Com muito controle do corpo, força nas pernas, Elana diz que a dança além de relaxar, a deixa mais disposta para o dia a dia e para a vida. Integrante do Cia de Dança Flamenca do Pará, ela já viajou para representar a companhia em outros estados. “Tenho um grande apoio, pois muitas pessoas admiram a prática, tanto família e amigos, quanto o meu marido, que é o meu maior incentivador”, destaca.

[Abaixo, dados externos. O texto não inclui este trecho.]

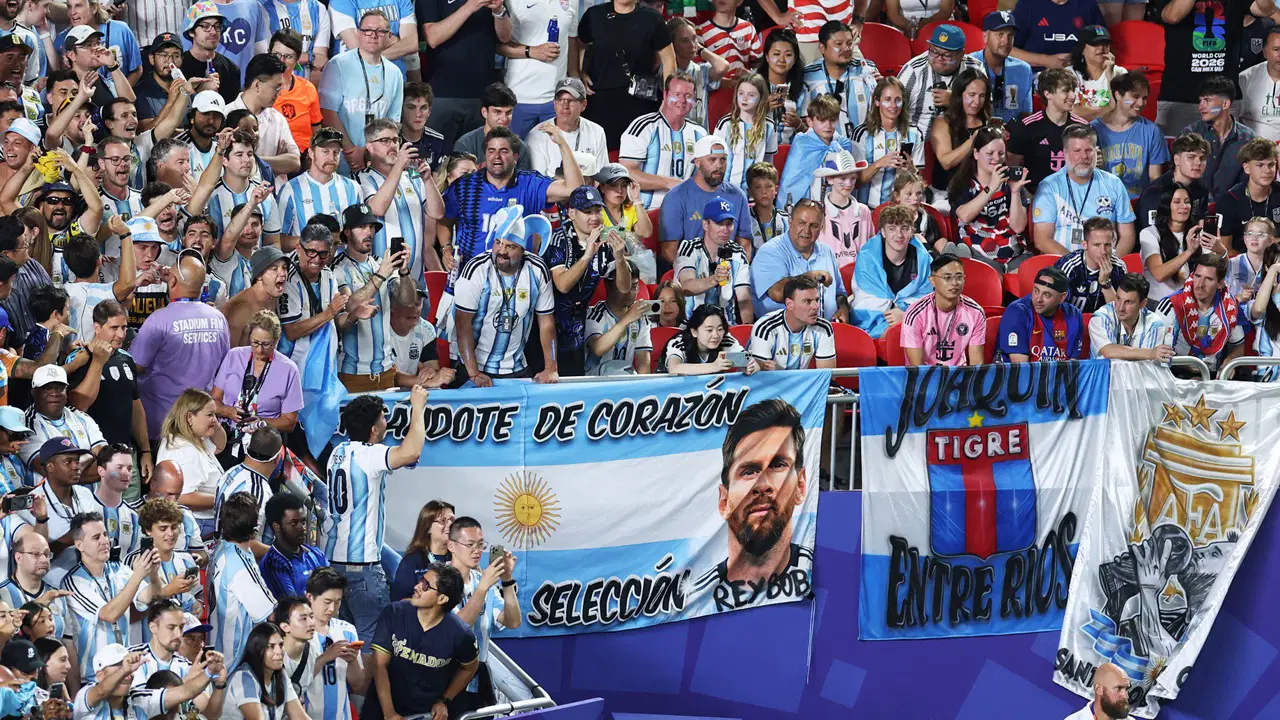 16 golle rekora ortak oldu... Dünya basını Lionel Messi'yi konuşuyor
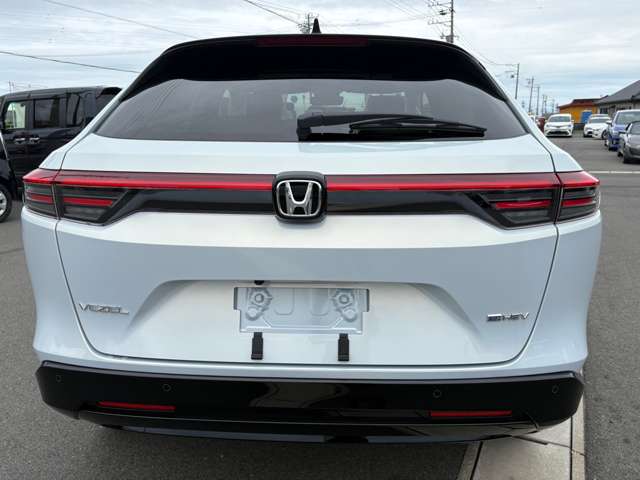 ホンダ ヴェゼル １．５ Ｅ：ＨＥＶ Ｚ プレイパッケージ R8年 (東海) 99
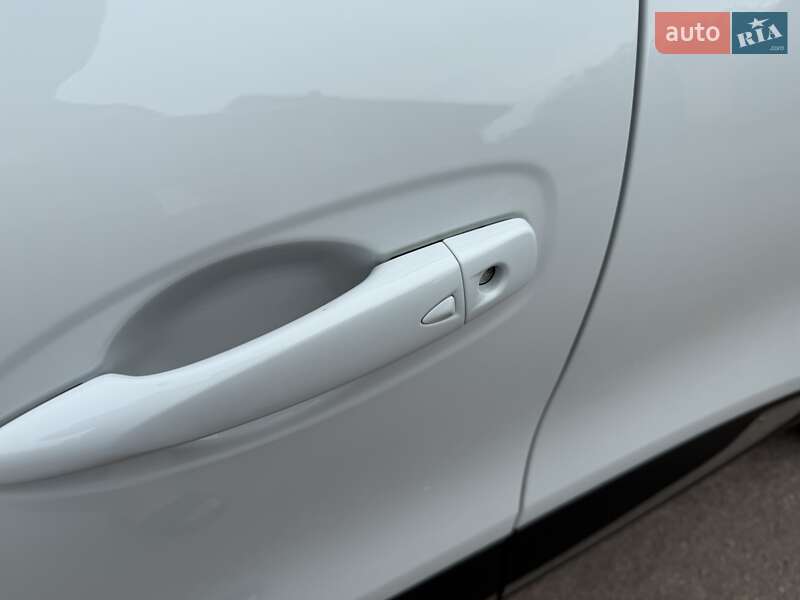 Внедорожник / Кроссовер Renault Kadjar 2017 в Житомире фото 9 Внедорожник / Кроссовер Renault Kadjar 2017 в Житомире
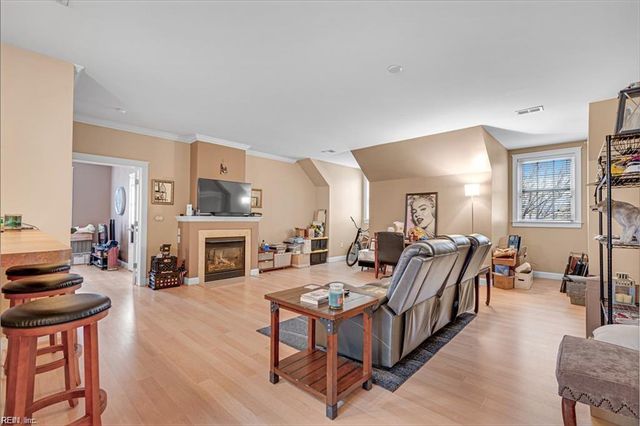 415 E Freemason St Apt 3B, Norfolk, VA 23510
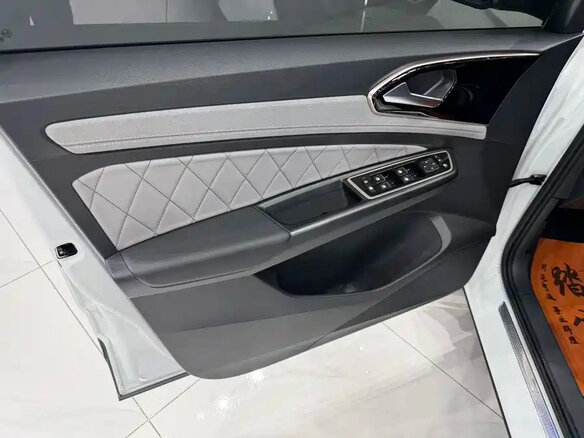 2023 Jetta VS7 I Рестайлинг 1, белый, 1700000 рублей - вид 15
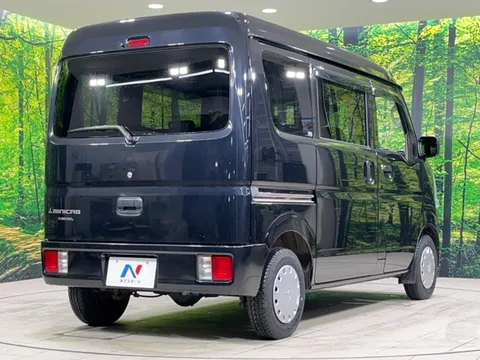 Mitsubishi Minicab Van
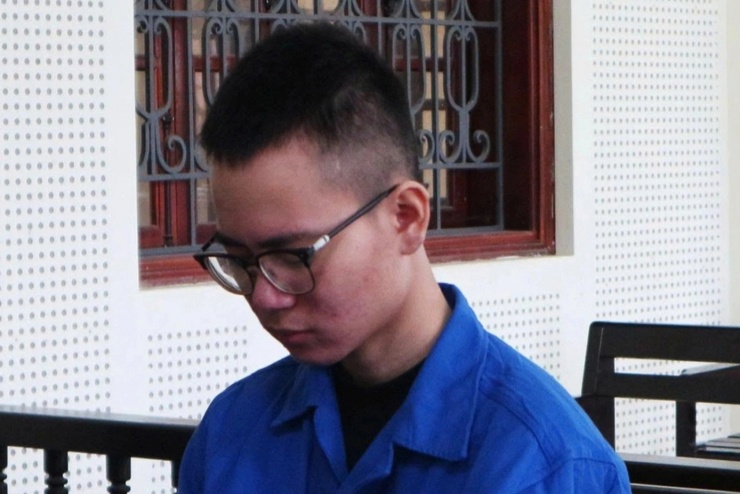 Tú bày tỏ sự ân hận khi đã sát hại bà nội.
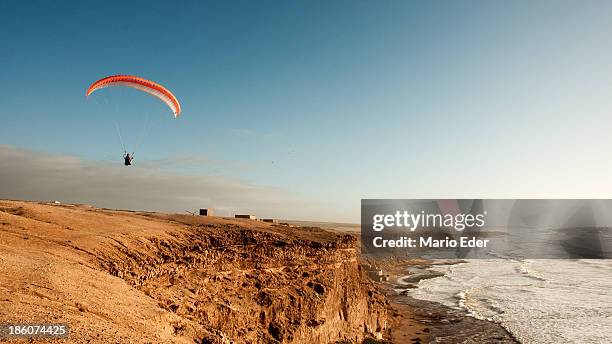 cliff paragliding - paragliding stock pictures, royalty-free photos & images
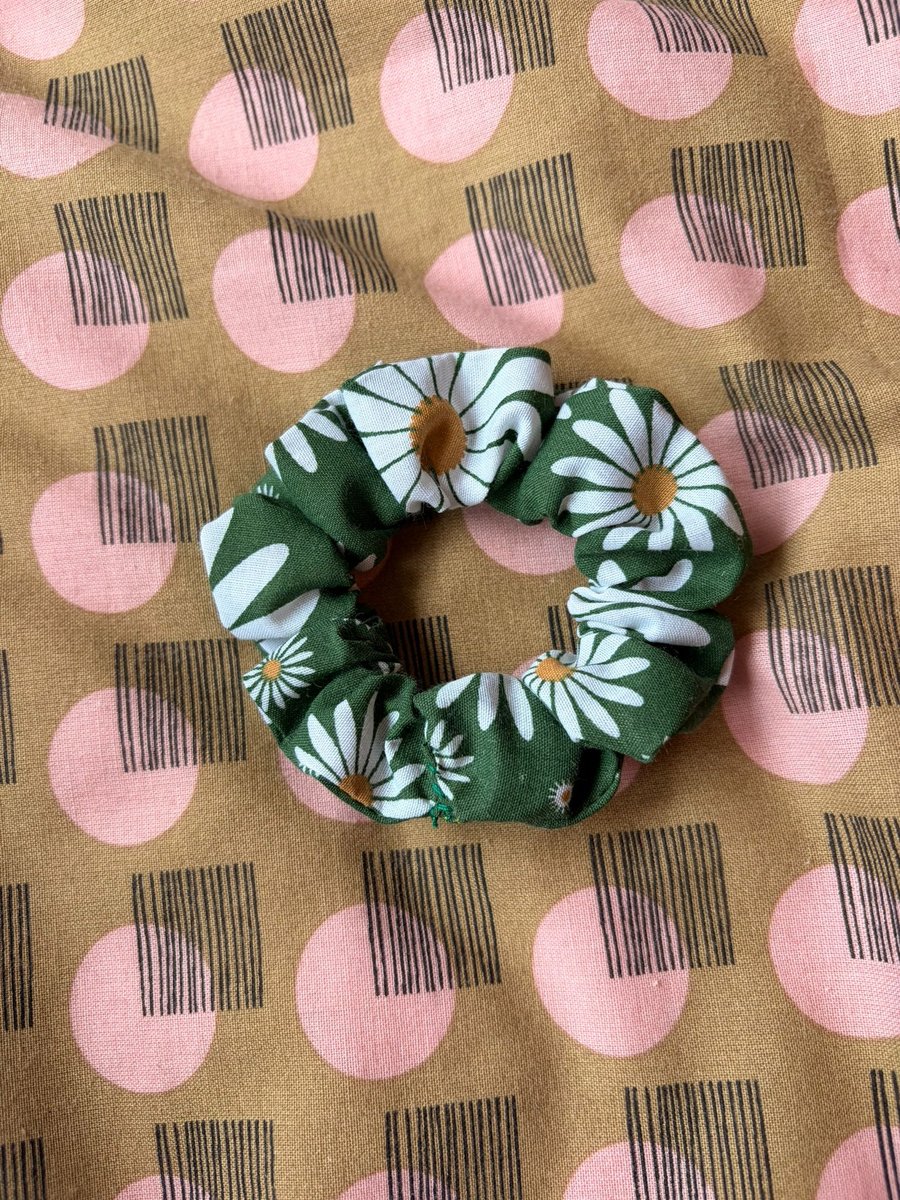 Daisy print scrunchie 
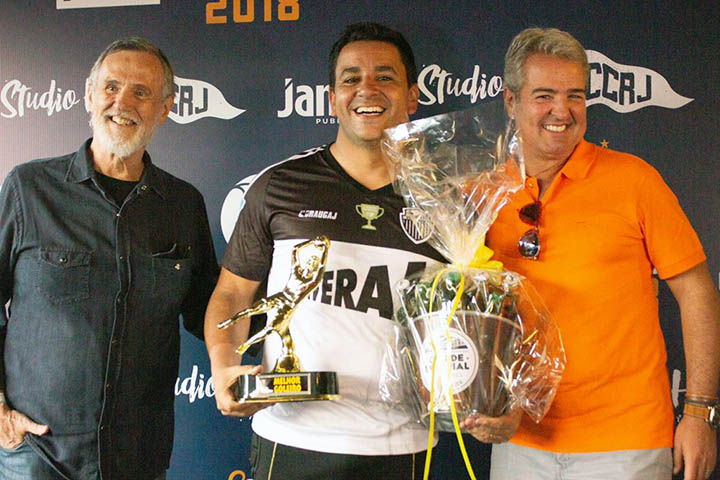 Marcio Ehrlich, da Janela Publicitária (à esquerda da foto) e Thomaz Naves, da Record TV Rio, entregam o troféu de melhor goleiro a Marcus Lins, da A Vera.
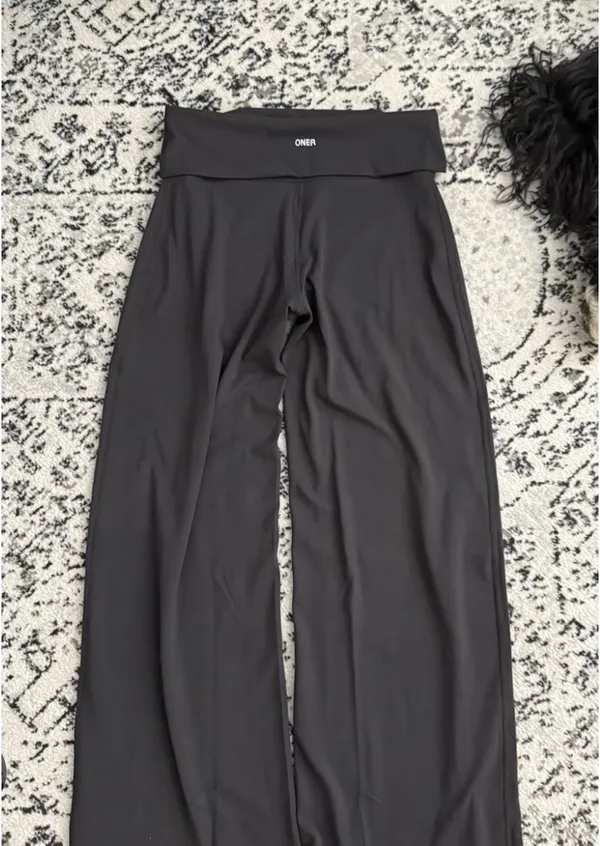 oner active soft motion fold pants - Image 4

O vigor da dança flamenca, segundo Elana, favorece a disciplina, determinação, atitude e organização profissional. O entusiasmo da dançarina é tanto, que ela afirma que seria uma realização de vida poder se dedicar integralmente à arte.
Em outro oposto, ao pensamento de se dedicar e não à paixão pela arte, o professor de língua portuguesa, advogado, músico, astrólogo e baterista do Álibi de Órfeu, Rui Paiva, 45 anos, afirma que apesar de também ser um apaixonado pela bateria, não conseguiria fazer somente isso na vida. “Eu me sentiria inseguro sendo somente baterista. Como diz o Paulinho da Viola: ‘As coisas estão no mundo. Eu é que tenho de aprender’, destaca.
Paiva começou a tocar bateria aos 14 anos, por influência dos Beatles, Bach e Wilson Simonal, mas primordialmente por apoio dos seus pais. “Quando decidi aprender o instrumento, eles me apoiaram, ao contrário de muitos dos meus amigos, que não tinham apoio em casa por conta do estigma de ser músico”, relembra.
Devido às dificuldades, o baterista foi autodidata na aprendizagem do instrumento. “Não existiam professores de bateria em Belém na década de 80, por isso teimei em ser guitarrista. Quando percebi que minha vocação era bateria, não pensei duas vezes em mudar.”
Hoje, além de ser um hobbie, ser baterista tornou-se uma profissão, além de e também uma atividade indispensável para Paiva. “Tocar bateria é muito relaxante e pode ser um grande diferencial durante o dia de um executivo, por exemplo. Quando acabo de tocar em um show, é muito bom. Faz bem para tudo, desde o lado físico até o lado psicológico. A música é uma das maiores razões que fazem a vida ter sentido.”
Contudo, se você pensa que o amor do baterista pela música acaba aí, acredite: esse é só o começo. Paiva faz questão de destacar a importância da música para o desenvolvimento de uma sociedade. “Não há como dissociar o ser humano de sua capacidade de evoluir por intermédio dela, tanto que o próprio MEC (Ministério da Educação) quando estipulou as cinco competências do ENEM, destacou duas especialmente para a identificação das linguagens artísticas”, defende.
De fato, cada um tem sua forma particular e peculiar de relaxar, encontrar paz, sossego, de deixar – por um minuto – os problemas de lado. Na dança, no paraquedismo, na leitura, na música ou em contato com a natureza, o mais importante é descobrir o que relaxa você e se envolver de coração com essa atividade, porque, como disse Clarice Lispector: “O que importa afinal, viver ou saber que se está vivendo?”